How we cite our quotes: (Chapter.Paragraph)
Quote #4
It isn't failure, she tells herself. It isn't failure to be in these rooms, in your skin, cutting the stems of flowers. It isn't failure but it requires more of you, the whole effort does; just being present and grateful; being happy (terrible word). People don't look at you on the street anymore, or if they do it is not with sexual notions of any sort. You are not invited to lunch by Oliver St. Ives. (8.25)
It bums Clarissa Vaughan out to think that people no longer think of her as a sexual—and sexually attractive—being. She knows that other things in life are more important than the admiration of total strangers, but still—she'd prefer if people didn't think of her as having aged out of sex and sexuality.
Quote #5
It was not betrayal, she had insisted; it was simply an expansion of the possible. She did not require fidelity of Richard—god forbid!—and she was not in any way extorting property that belonged to Louis. […] It was 1965; love spent might simply engender more of the same. It seemed possible, at least. Why not have sex with everybody, as long as you wanted them and they wanted you? So Richard continued on with Louis and started up with her as well, and it felt right; simply right. (8.27)

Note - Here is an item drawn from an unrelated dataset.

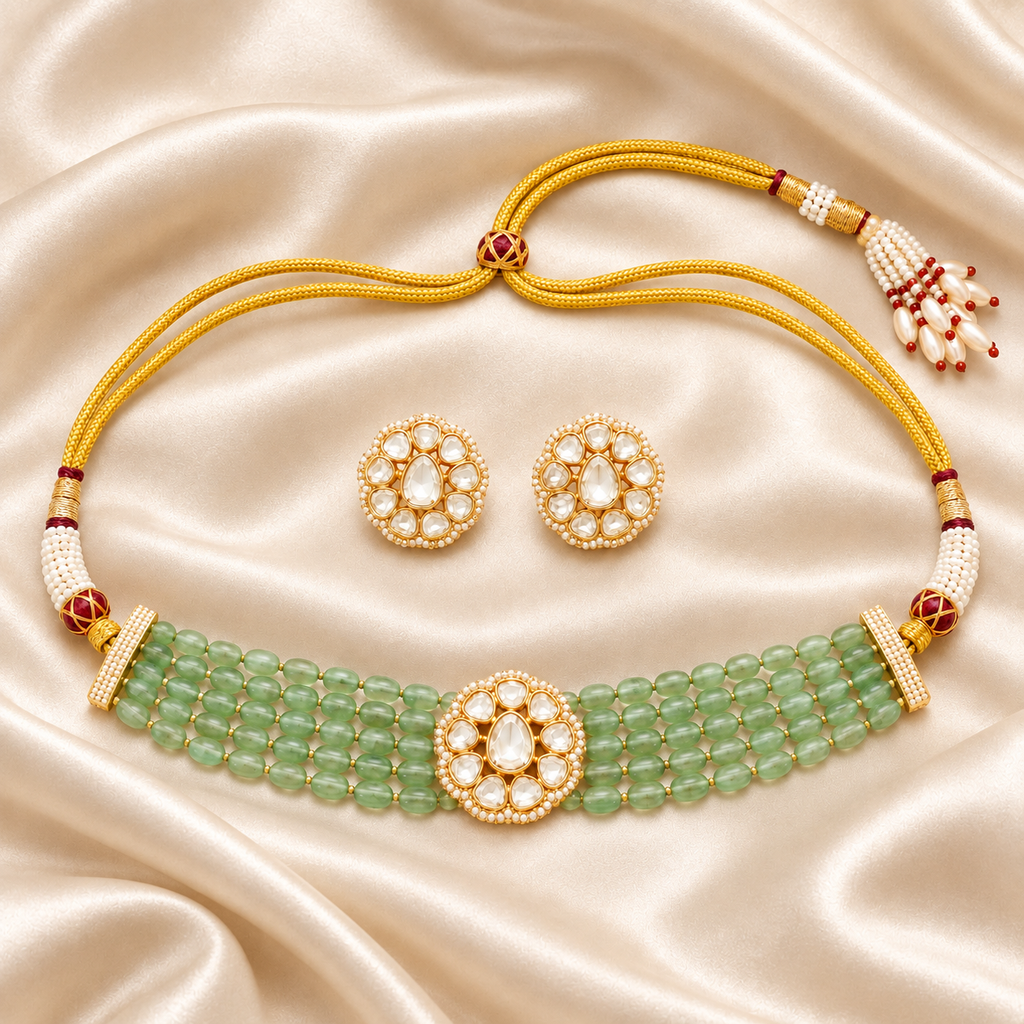 Green beaded kundan choker necklace set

Clarissa Vaughan grew up in the fabled era of free love, and she and her friends made the most of it. The results are more complicated than they thought, though—as we can see by the characters' continued confusion about what they want.
Quote #6
It had seemed like the beginning of happiness, and Clarissa is still sometimes shocked, more than thirty years later, to realize that it was happiness; that the entire experience lay in a kiss and a walk, the anticipation of dinner and a book. The dinner is by now forgotten; Lessing has been long overshadowed by other writers; and even the sex, once she and Richard reached that point, was ardent but awkward, unsatisfying, more kindly than passionate. What lives undimmed in Clarissa's mind more than three decades later is a kiss at dusk on a patch of dead grass, and a walk around a pond as mosquitoes droned in the darkening air. (8.31)
It isn't so much the memory of sex itself that Clarissa Vaughan values now, in her middle age: what she values is the whole sexual atmosphere of the time. The certainty of being young, beautiful, and wanted; the thrill of being swept up in sensations of promise and possibility: these are the things she values and misses most.